Work order:
Reproduce word for word every line from the one containing "BIBS Studio pöttyös cumi" to the final line of the data below; omit the pictures.

Recorded information:

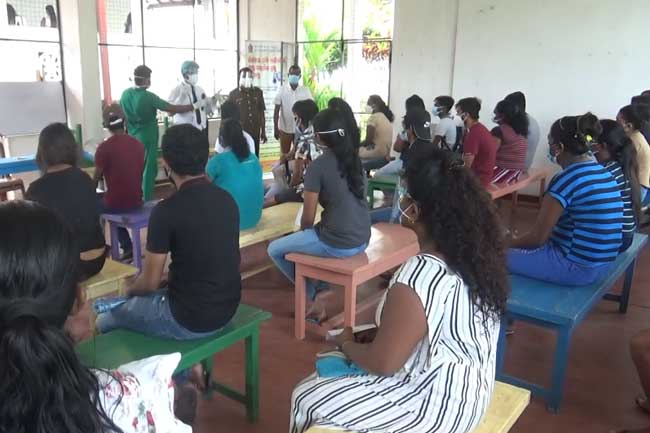එන්නත්කරණ මධ්‍යස්ථානයේ වෛද්‍යවරයෙකුගෙන් තරුණ තරුණියන්ට ප්‍රසාදය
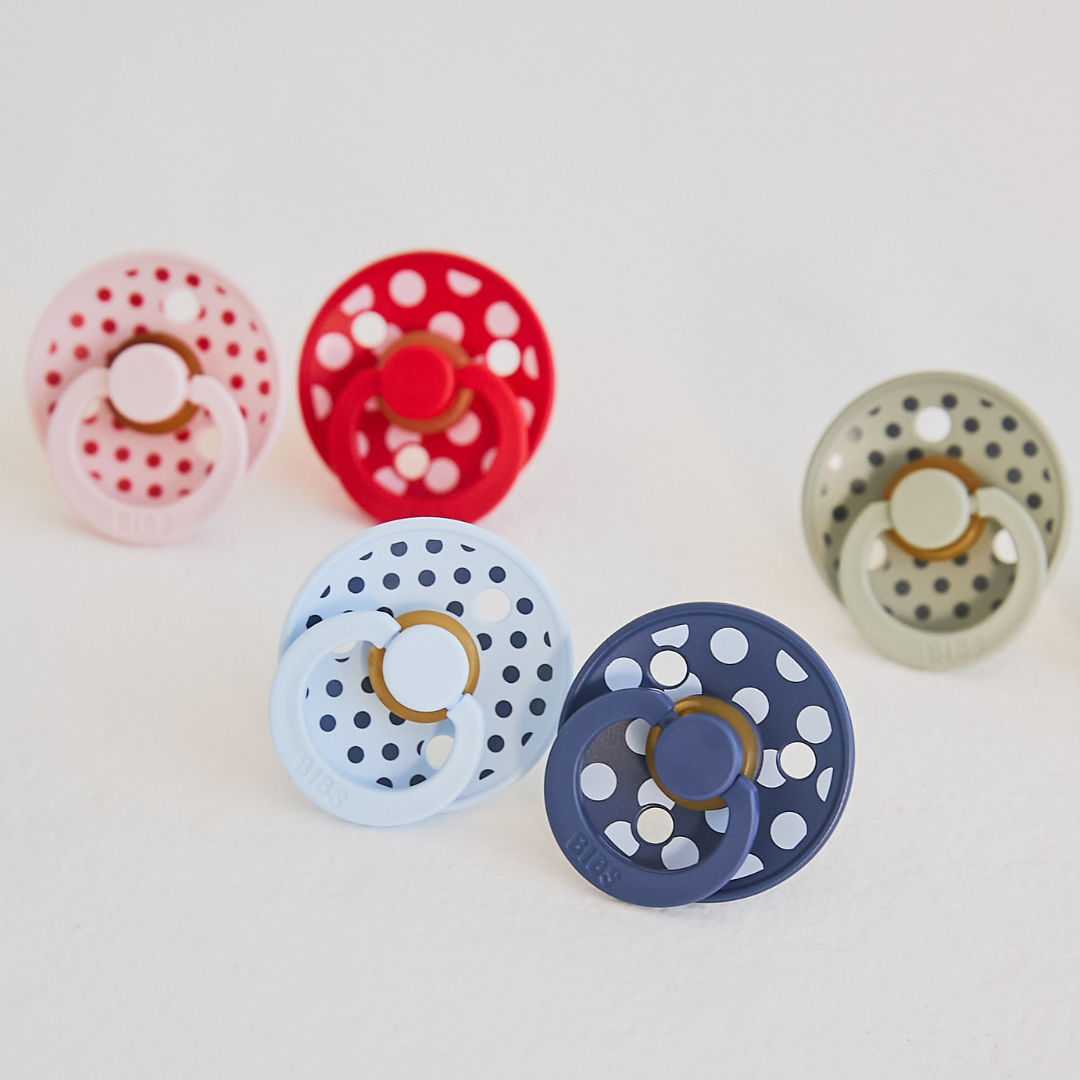 BIBS Studio pöttyös cumi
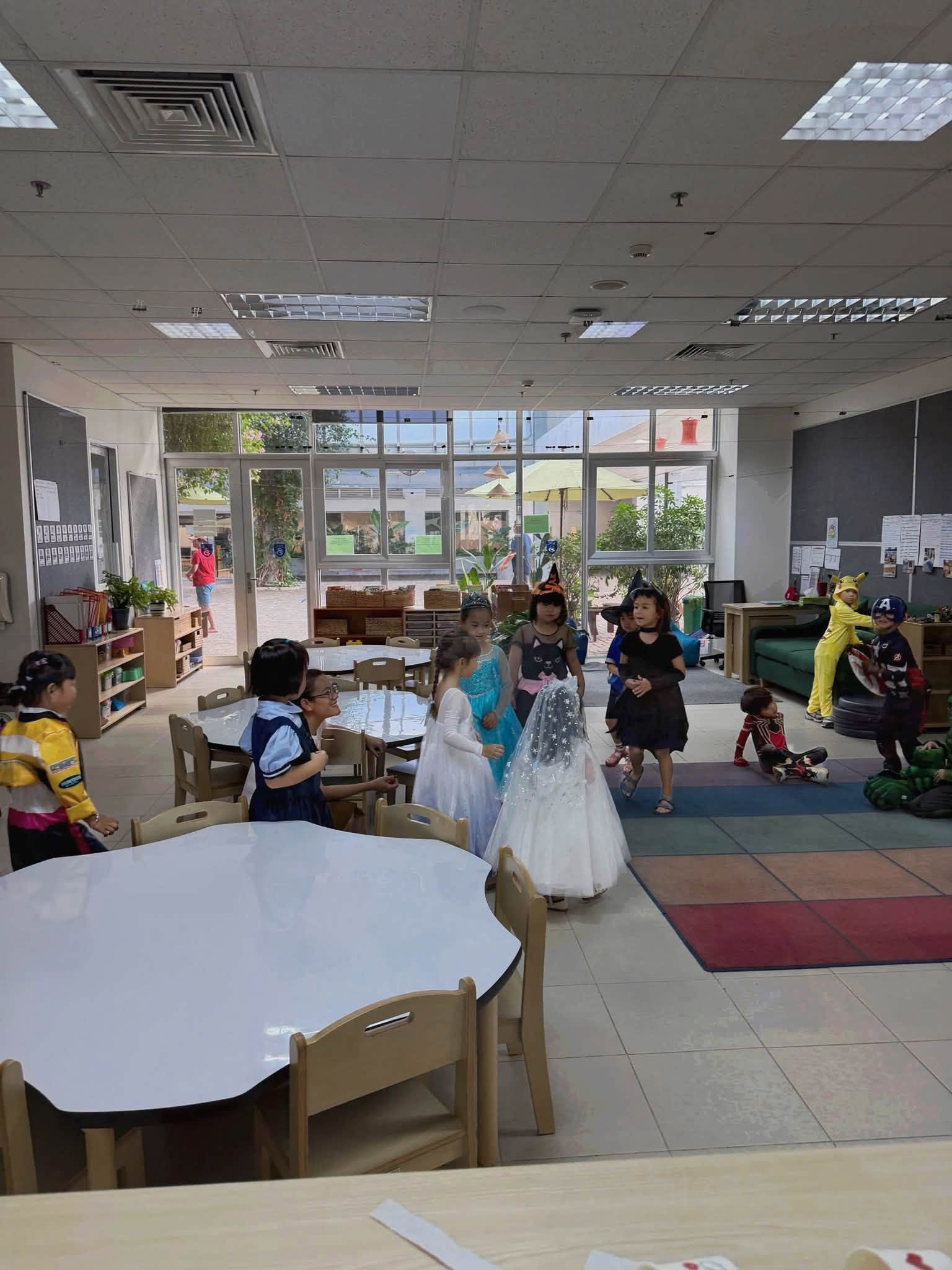 C&aacute;c nh&oacute;c tỳ nh&agrave; Cường Đ&ocirc; La, Đ&ocirc;ng Nhi, V&acirc;n Trang l&ecirc;n đồ mừng lễ Halloween - Ảnh 7.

Output below:
 BIBS Studio pöttyös cumi
 C&aacute;c nh&oacute;c tỳ nh&agrave; Cường Đ&ocirc; La, Đ&ocirc;ng Nhi, V&acirc;n Trang l&ecirc;n đồ mừng lễ Halloween - Ảnh 7.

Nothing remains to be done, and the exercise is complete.